AM Agrigen Industries LLC picked the site for a granulated urea plant; a final decision on whether to build is expected in early 2015. The facility would be able to tap the highest density of interstate and intrastate gas pipelines in the United States, along with low, stable prices on an abundant supply — the key raw material for producing nitrogen-based fertilizer, said Gov. Bobby Jindal.

Feasibility of the project is being studied. It would create 150 direct jobs with an average annual salary of $55,000 plus benefits. Louisiana Economic Development (LED) has estimated that the plant would result in an additional 1,025 indirect jobs. The plant’s output would serve agribusiness customers in the United States and abroad.

If given approval, construction could begin in mid-2015 and take about 30 months. AM Agrigen plans to tap a mix of global and domestic investors to fund the project, making the complex the latest in a series of major foreign direct investment projects to select Louisiana (see Daily GPI, Oct. 31, 2012).

One of the natural gas pipelines in the area that could fuel the proposed plant is Columbia Gulf Onshore. Forward prices into Columbia Gulf Onshore are currently trading at $4.49/MMBtu for the rest of 2014, according to NGI‘s Forward Look. Prices drop to $4.22 and $4.15/MMBtu for all of 2015 and 2016, but then rise to $4.30, $4.47, and $4.65 for the years 2017-2019. Out to 2019, the forward curve for Columbia Gulf Onshore reflects a negative basis to the hub of 6.3 cents on average. NGI’s Forward Look service is launching in June. To be added to the current beta trial, email

“AM Agrigen’s commitment to our state demonstrates the strategic value of Louisiana’s world-scale industrial infrastructure and our emergence as one of the very best business climates in the U.S.,” said Jindal. “From Sasol in Southwest Louisiana to Benteler Steel/Tube in Northwest Louisiana and Dyno Nobel in Southeast Louisiana, global investors are infusing tremendous amounts of capital into our state’s manufacturing sector because of Louisiana’s welcoming business environment and strong workforce.”
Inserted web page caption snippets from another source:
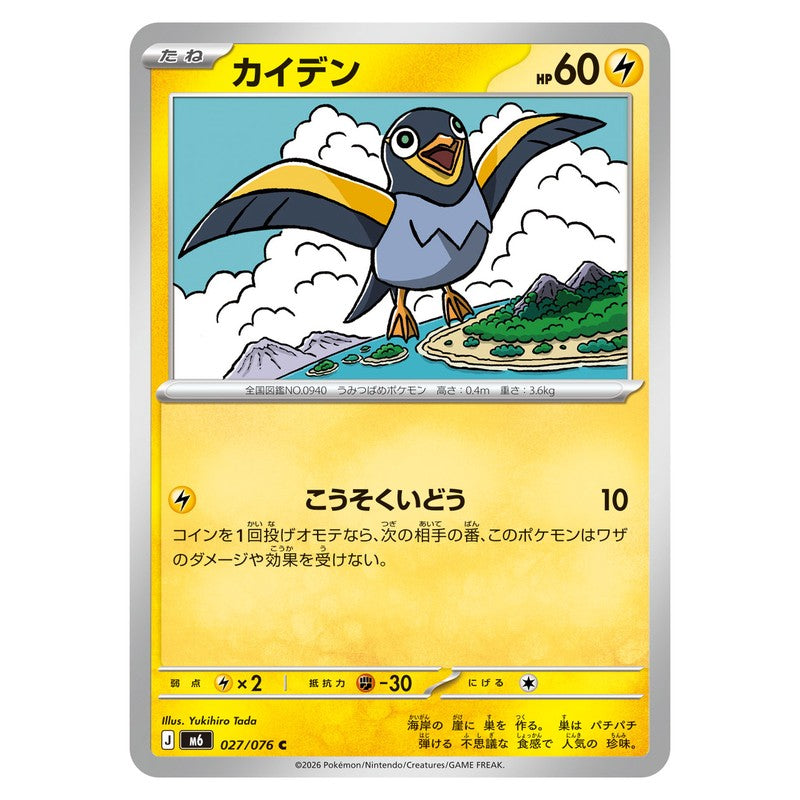 カイデン
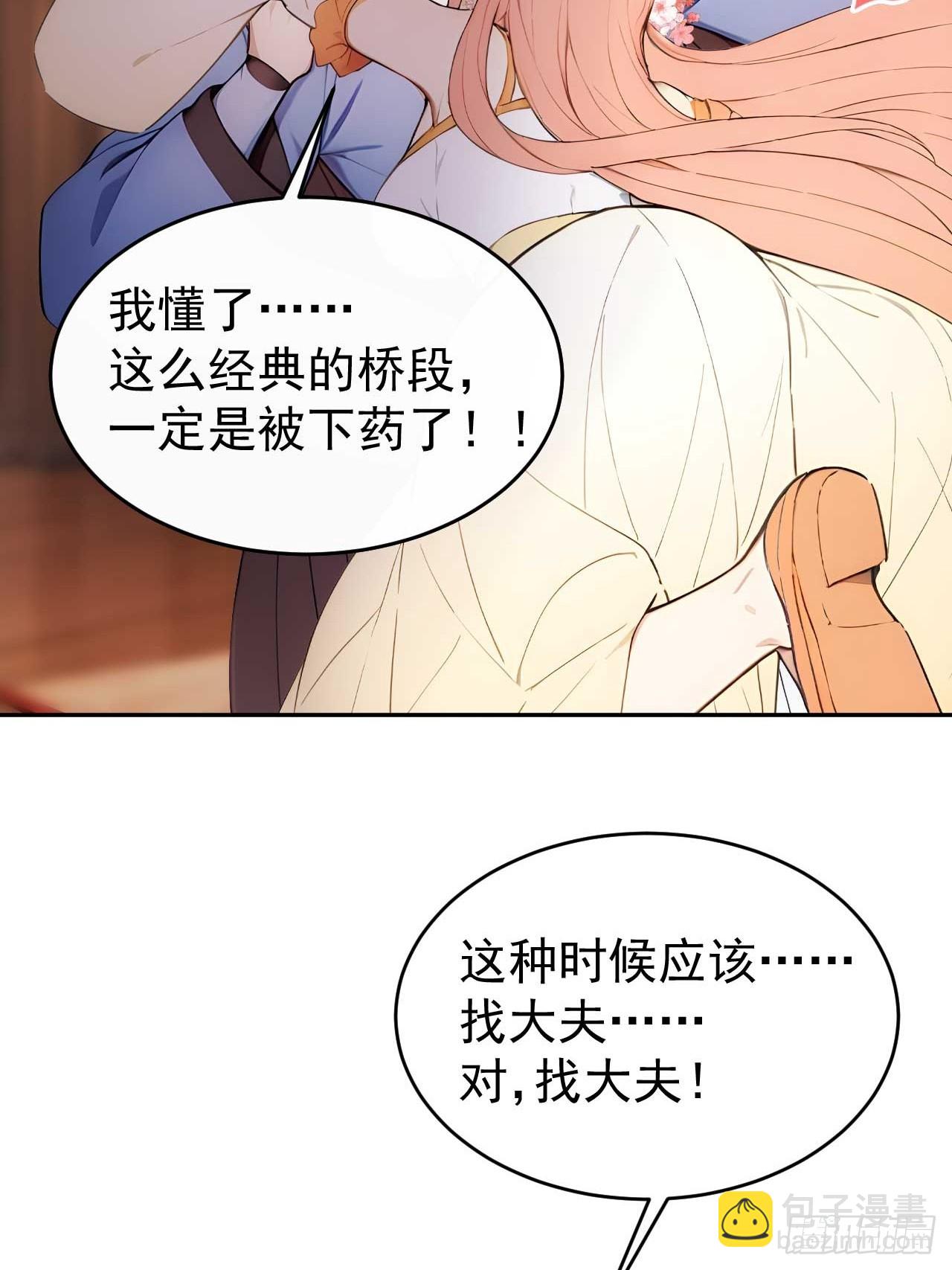 24 被郡主拿下-第25话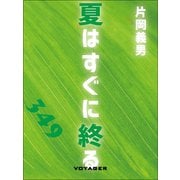 夏はすぐに終る（VOYAGER（ボイジャー）） [電子書籍]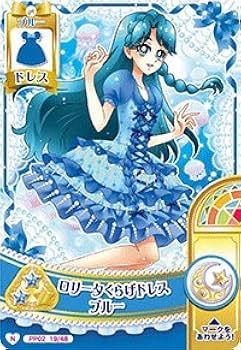 e@プリキュアデータカードダス@　こあくまラブリードレス　PSA10 e@プリキュアデータカードダス@ こあくまラブリードレス PSA10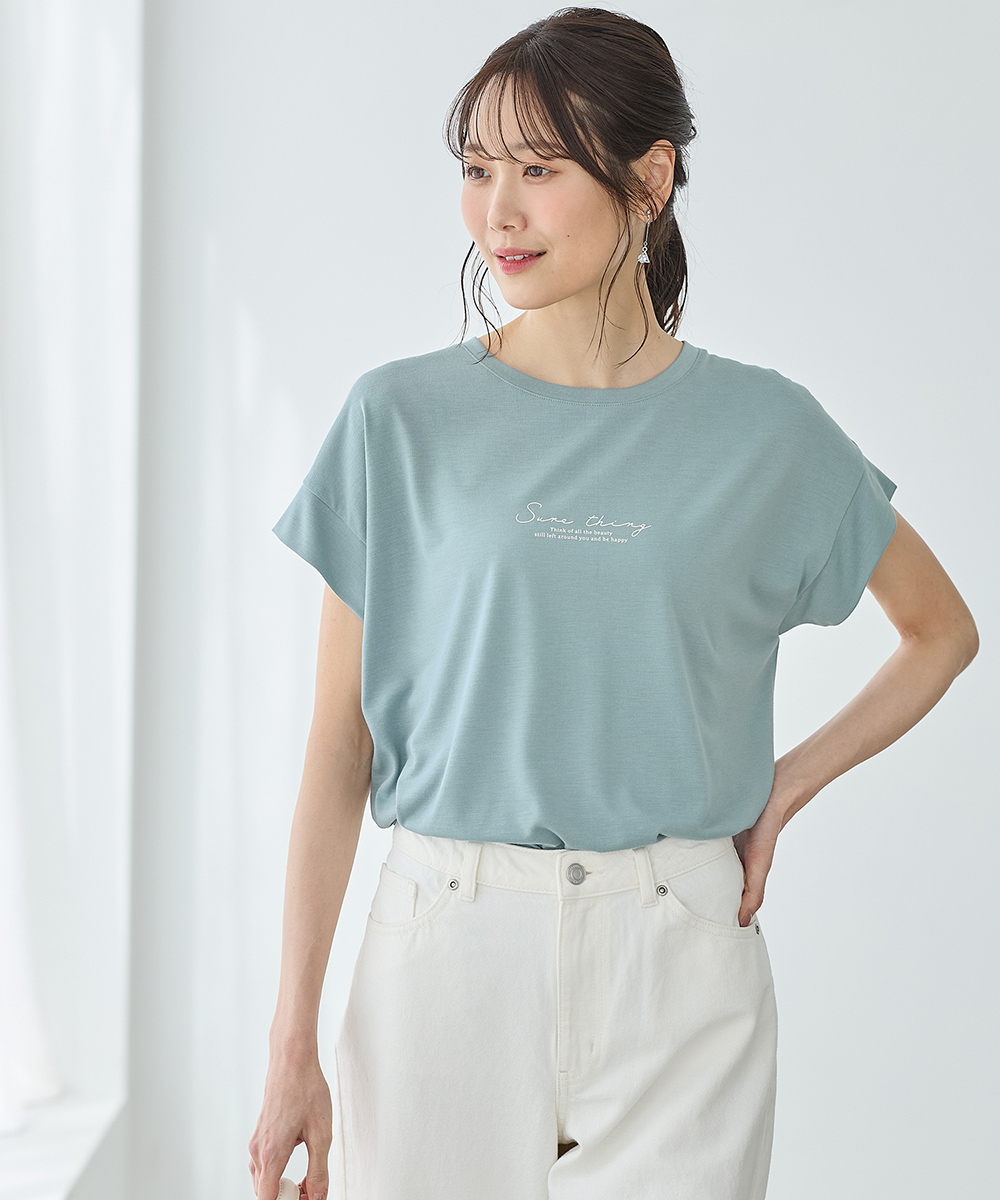トップス Tシャツ 半袖Tシャツ カットソー 半袖 ハニさら 汗ジミ軽減 レー Honeys ハニーズ 汗ジミ軽減ロゴＴシャツ | Honeys | 04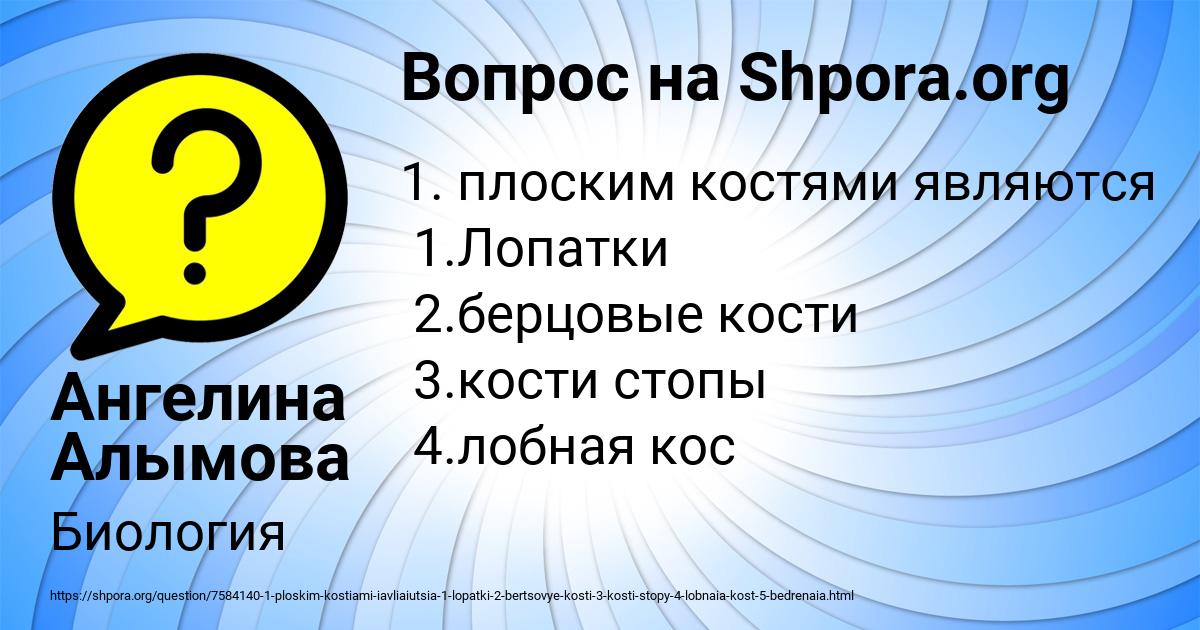 Картинка с текстом вопроса от пользователя Ангелина Алымова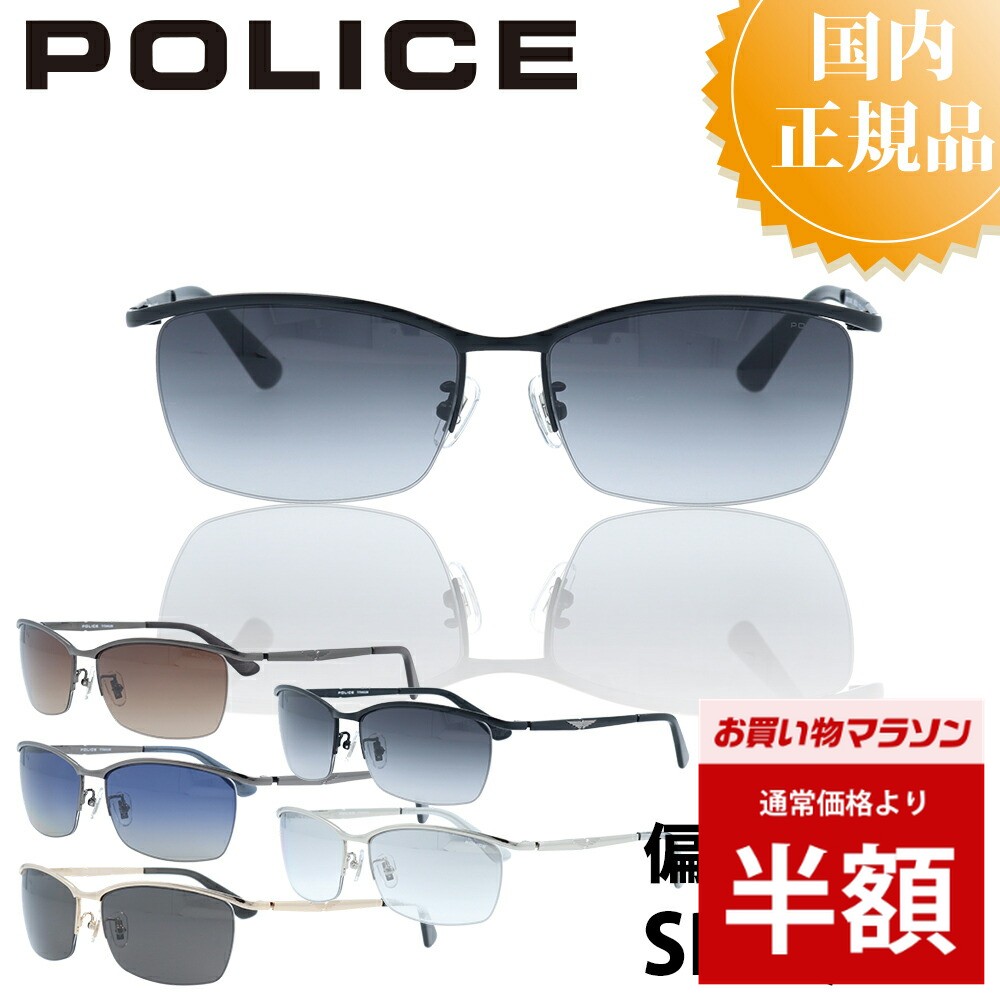＼マラソン中 50%OFF 半額／ POLICE ポリス サングラス ...(4.0)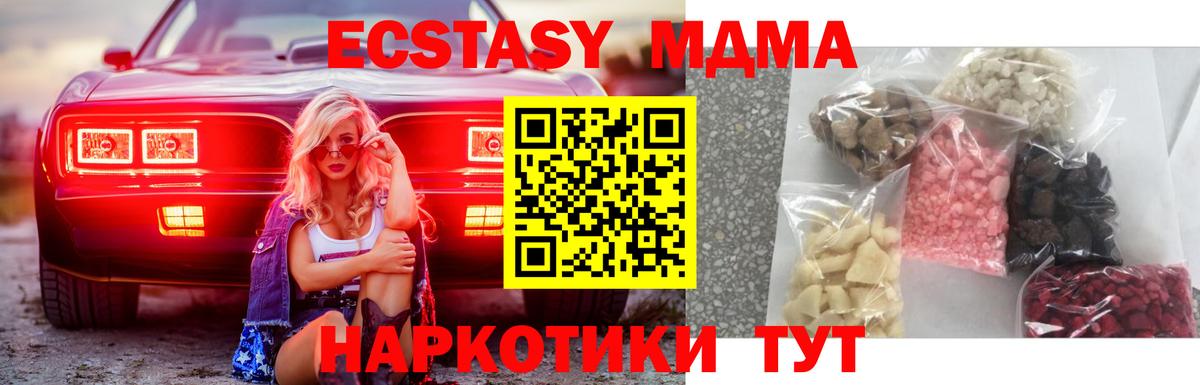 Меф мяу мяу Кузнецк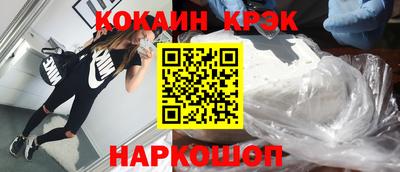 трава Первоуральск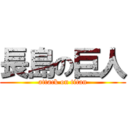 長島の巨人 (attack on titan)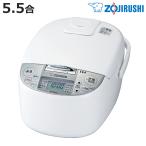 象印 IH炊飯器 5.5合炊き 極め炊き 黒まる厚釜 日本製 （ ZOJIRUSHI 象印マホービン 5.5合 IH式 ジャー 保温 ）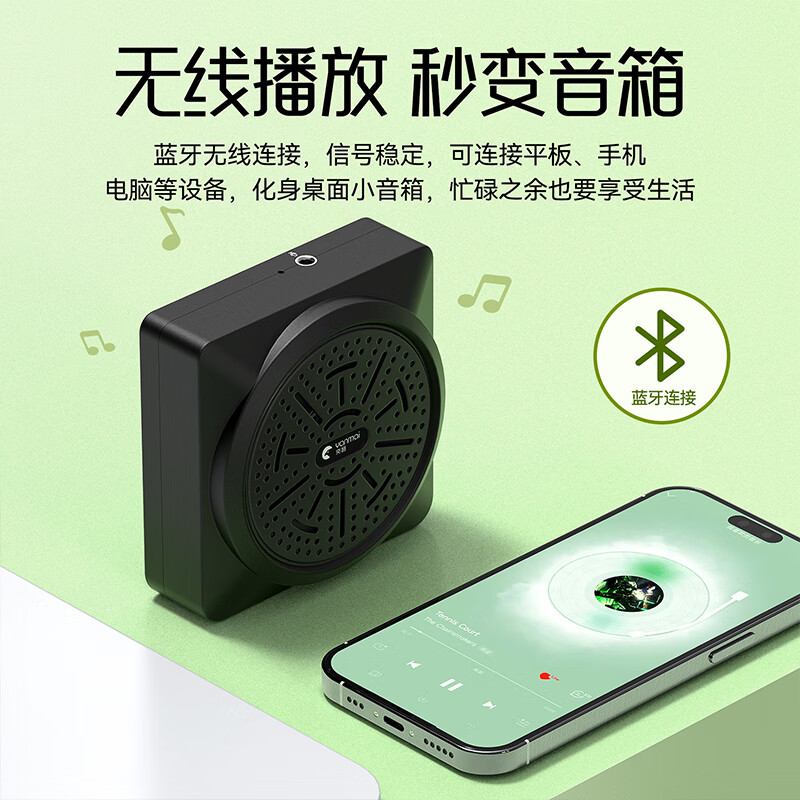 Yanmai【无啸叫】无线麦克风领夹式小蜜蜂教师专用无线扩音器教师上课会议话筒大音量降噪演讲导游扩音机 突音K3 Pro-酷黑款 【双人使用】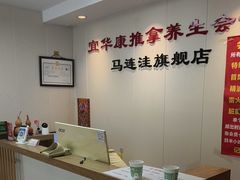 -宜华康盲人按摩(马连洼旗舰店)
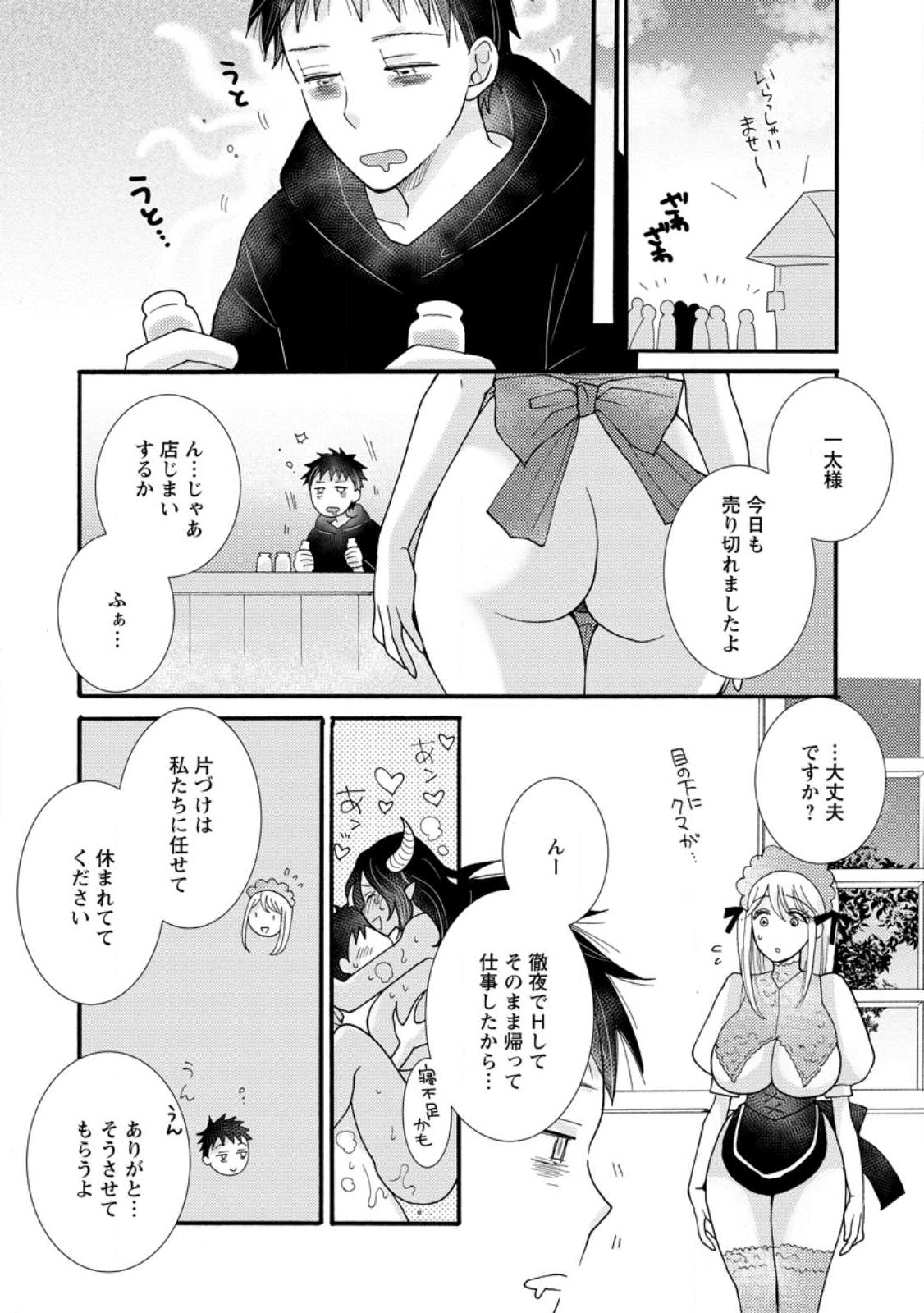 与えられたスキルを使って稼いで異世界美女達とイチャイチャしたい Chap 16.2 - Next Chap 17.2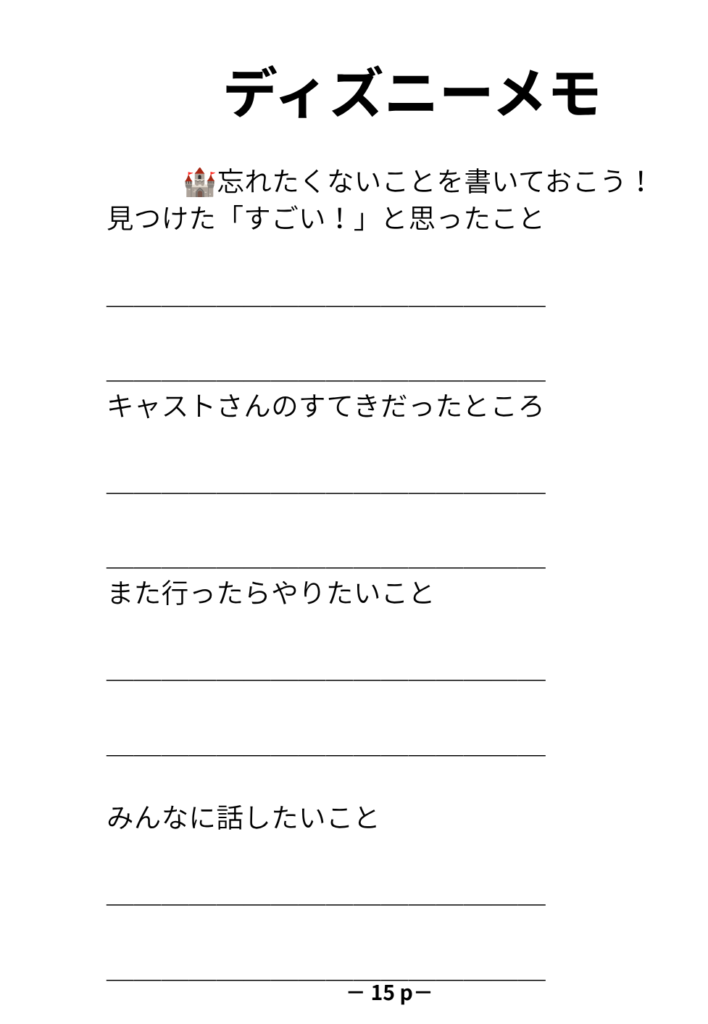 ディズニーを調べながら書き込めるページ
Last August, Incitec Pivot Ltd. and Cornerstone Chemical broke ground on a $1.03 billion project that combines construction of Dyno Nobel’s $850 million ammonia plant with Cornerstone’s $175 million investment in upgrades and expansion at its Fortier Manufacturing Complex. Incitec Pivot, based in Australia, is the parent of Dyno Nobel, which is building a plant with an annual ammonia capacity of 800,000 metric tons at the Fortier Manufacturing Complex on the west bank of the Mississippi River in Jefferson Parish.

In December 2012, Sasol announced a $16 billion to $21 billion gas-to-liquids (GTL) and ethane cracker complex (see Daily GPI, April 30; Dec. 4, 2012). In January 2013, G2X Energy announced a $1.3 billion GTL facility at the Port of Lake Charles, LA, that would yield chiefly gasoline (see Daily GPI, Jan. 18, 2013). And last September, SGC Energia SA of Portugal and Houston-based Great Northern Project Development LP said they would spend $100 million to renovate a dormant steam methane reformer in the Westlake, LA, area and convert it to a GTL facility (see Daily GPI, Sept. 6, 2013).

AM Agrigen and the state had been in talks since fall 2012. Louisiana offered the company a performance-based $5.6 million grant to offset infrastructure costs of the project. Workforce development assistance would be provided by the Louisiana Economic Development. The company also is expected to use the state’s Quality Jobs and Industrial Tax Exemption programs. The company has secured options to purchase 650 acres near Killona, LA, and initiated the process of filing for environmental permits.